Valdes' card was for only 1 year. She simply asked people the vague question: Do you live here? If they said yes, sh gave them a card that was valid for 1 year, with a 5 book limit at a time. Could be renewed for free annually.

Big question: If someone wants to use your library, why would you tell them no! Becky: this question I love. This question I live as a member of the Universal Services committee for my system. We are using this model of chipping away. In IL our committee has helped to get a free card for every kid in an unnerved library area  who is also on free lunch a library card. We are about to get this for every single person under 18 and the next stop is every single person. So anyone reading this who thinks this can't happen. You are wrong. Yes, I am IL, but she is super rural Utah-- 2 hours to a Walmart rural [her words].

She made these changes by staying just under the radar and putting the patron first. Her next steps are their checkout limits which are only 10 at a time. Becky comment: I took out 20 picture books at a time minimum. And institutional Barries like Dewey. 

And finally she said that she realizes that she has to be willing to accept the risk. She warns her #2  every time she is going to try a new thing that she better be ready to be the Director if Valdes gets fired. 

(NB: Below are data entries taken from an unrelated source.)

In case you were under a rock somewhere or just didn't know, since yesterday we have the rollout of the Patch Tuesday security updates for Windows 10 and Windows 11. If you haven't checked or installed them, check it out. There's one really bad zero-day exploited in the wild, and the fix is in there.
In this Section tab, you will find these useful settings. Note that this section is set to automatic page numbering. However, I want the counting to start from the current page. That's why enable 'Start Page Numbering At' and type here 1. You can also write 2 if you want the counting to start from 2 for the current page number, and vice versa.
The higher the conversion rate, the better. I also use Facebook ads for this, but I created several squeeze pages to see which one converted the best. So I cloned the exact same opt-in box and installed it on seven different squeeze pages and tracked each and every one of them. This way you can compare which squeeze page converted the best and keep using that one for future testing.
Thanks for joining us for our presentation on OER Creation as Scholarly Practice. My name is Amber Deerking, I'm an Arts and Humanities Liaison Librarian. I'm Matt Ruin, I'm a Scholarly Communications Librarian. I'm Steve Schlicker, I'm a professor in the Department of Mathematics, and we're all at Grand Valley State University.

Valdes told many more stories to support her work. She was a wonderful speaker and an inspiration of a woman. I have been in her position and pushed back not he rules [as a supervisor] and was called out by the administration. When chastised, I told them, "okay, so fire me." They never did because I was right and was putting the patrons first. Yes it is a privilege to be this bold, and risk your job, but look, why are you doing this public library work. It is not for the paycheck because there are a million other jobs right now. Make a decision for yourself. Are you going to uphold systemic oppression or fight it. Clearly, I have made my choice, and also clearly, I am not alone.

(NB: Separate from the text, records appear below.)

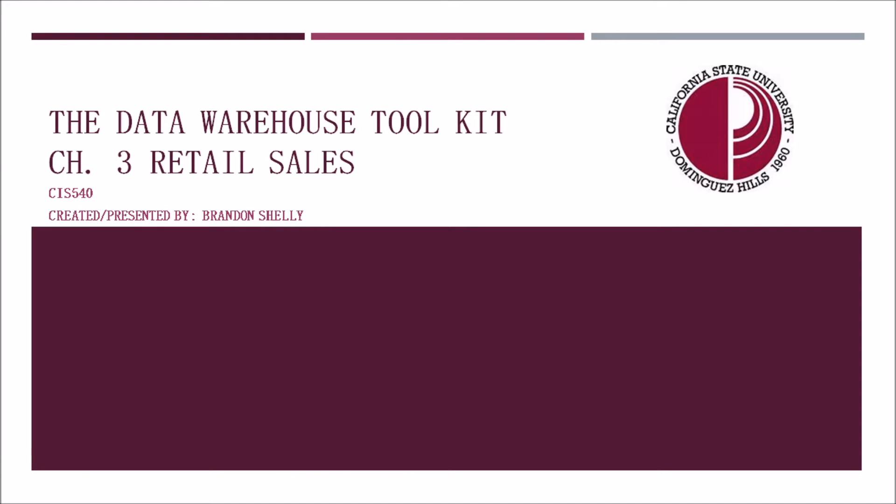Hello and welcome to my PowerPoint presentation. My name is Brandon Shelley. I am a current MBA student attending Cal State Dominguez Hills.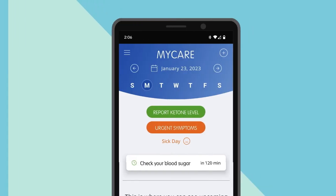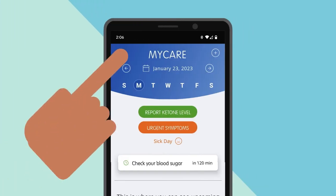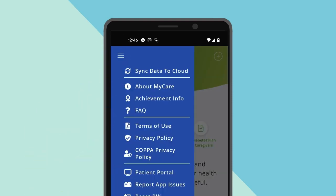If you click on the top left corner, shown here, you can select from options to sync your data to your cloud, access our about page, keep track of your achievements, explore the facts page for more information about the app's functionality, access your patient portal, and more.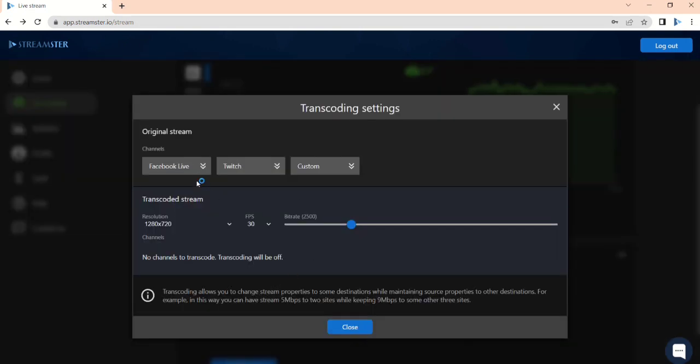Here you can see two sets of preferences. One for the original stream and one for the transcoded stream. Preferences for the original stream are set in OBS or a different external encoder.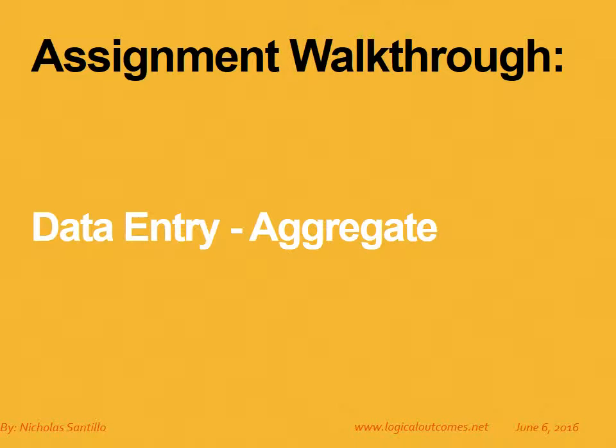Hello and welcome to this assignment walkthrough video for the DHIS2 curriculum developed by Logical Outcomes. My name is Nicholas Santillo and in this video I'm joined by Sarah Godden and together we look at how to enter aggregate data within DHIS2.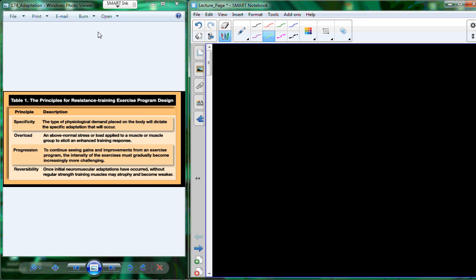All right, so we're in the middle of the do-it-yourself exercise planning. And where I ended up last time was the use of the FIT principle: frequency, intensity, time, type, organized and planned workouts.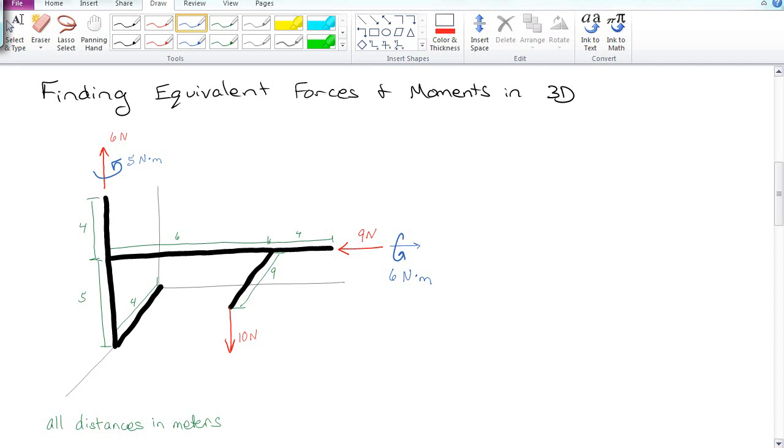So this would be a pretty standard, obnoxious problem that you would have in a SOLIDWORKS class, where you've got this random pipe that makes no sense in your life, and you're trying to figure out what is the equivalent force or moment, force and moment, at say some point down here called point A.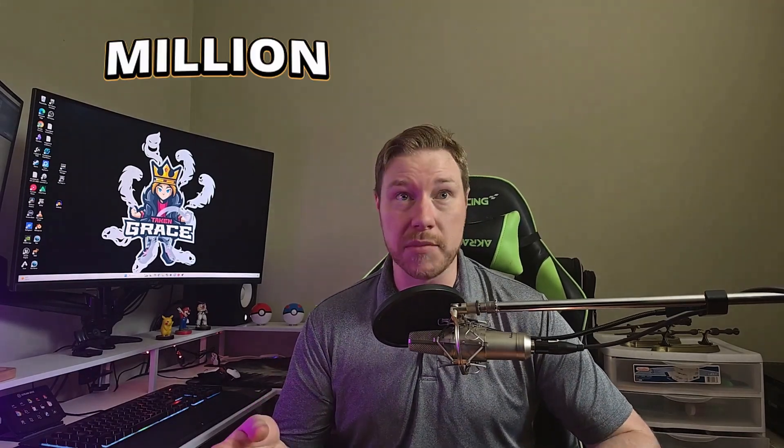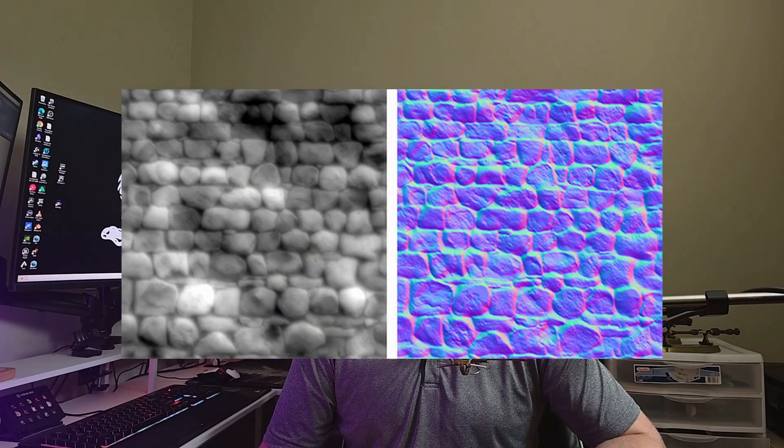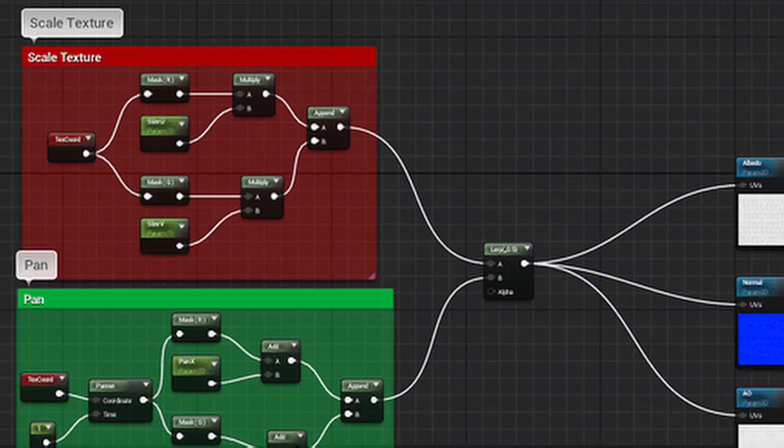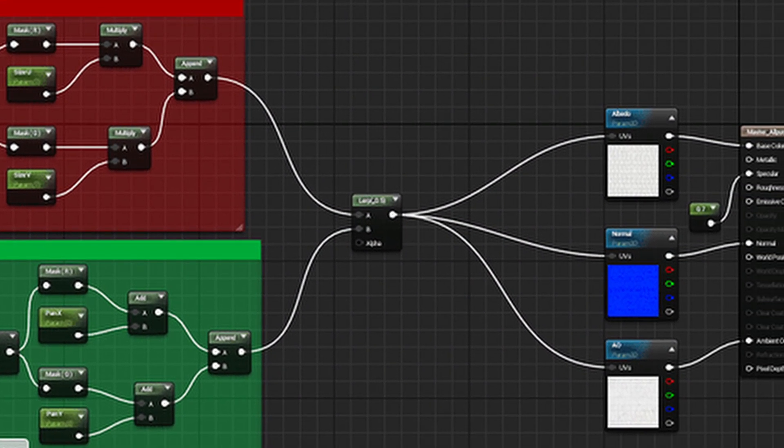Mistake number five is "more is better" with assets. You grab those amazing assets from Fab, throw them in your project, and think UE5 is just going to handle it. But without proper optimization, these assets are going to cause your game to run slower and render slower. Nanite is powerful, but just because it can run a massive number of triangles doesn't mean you should. The fix: reduce the poly count on your meshes, use normal and roughness maps to add detail without adding geometry, be smart with your materials and shaders, and understand the specific use cases and limitations for features like Nanite or Lumen.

I went to Kal Penn after this program for the closing session, and he was very good ass well, but Valdes' presentation was the one that will stay with me as the capping moment of my conference. I literally will never forget her. After the program, she was mobbed with people talking to her. I found her staff, who were sitting in the front to support her,  and told them how inspiring they were and what a wonderful, clear, and replicable approach Values provided. I gave them my card and said I was interested in talking to her more after conference. I really am. I am going to hook her up with my book editor at ALA Editions. This is a model that can finally allow the average, conservative, tiny library to stop hiding behind barriers and finally live up to the true inclusive mission of the public library.


wife2abadge said...

I love it! We have no fines, let people claim they returned books without charge (unless it gets to be ridiculously excessive), give people cards without residency proof (we mail them a post card too), give minors no-cosigner cards, and have free printing. We've been doing it several years and we're still thriving!

Anonymous said...

I read your emails and posts pretty much every day and greatly appreciate your work, and learn a lot from them. In today’s post, you provide a link to an article in the Kansas City Star about the resignation of Mid-Continent Library System Director Steven Potter. That article is behind a paywall. I wanted to know the story, so I searched for an article that is not behind a paywall, and found one here: http://www.gladstonedispatch.com/library-director-retiring-after-conflict-with-board/article_41befc53-1ee8-57ae-80de-a7cc040469a6.html. I know you are busy, but if you have a minute, it would be great if you replaced the link so that people can learn the details of this important story. Respectfully,
Charlie, Adult Services Librarian, Pima County Public Library

Becky said...

Thank you Charlie. Back at the time of the event it was still available for free. I GREATLY appreciate you doing this for me. I have replaced the link above.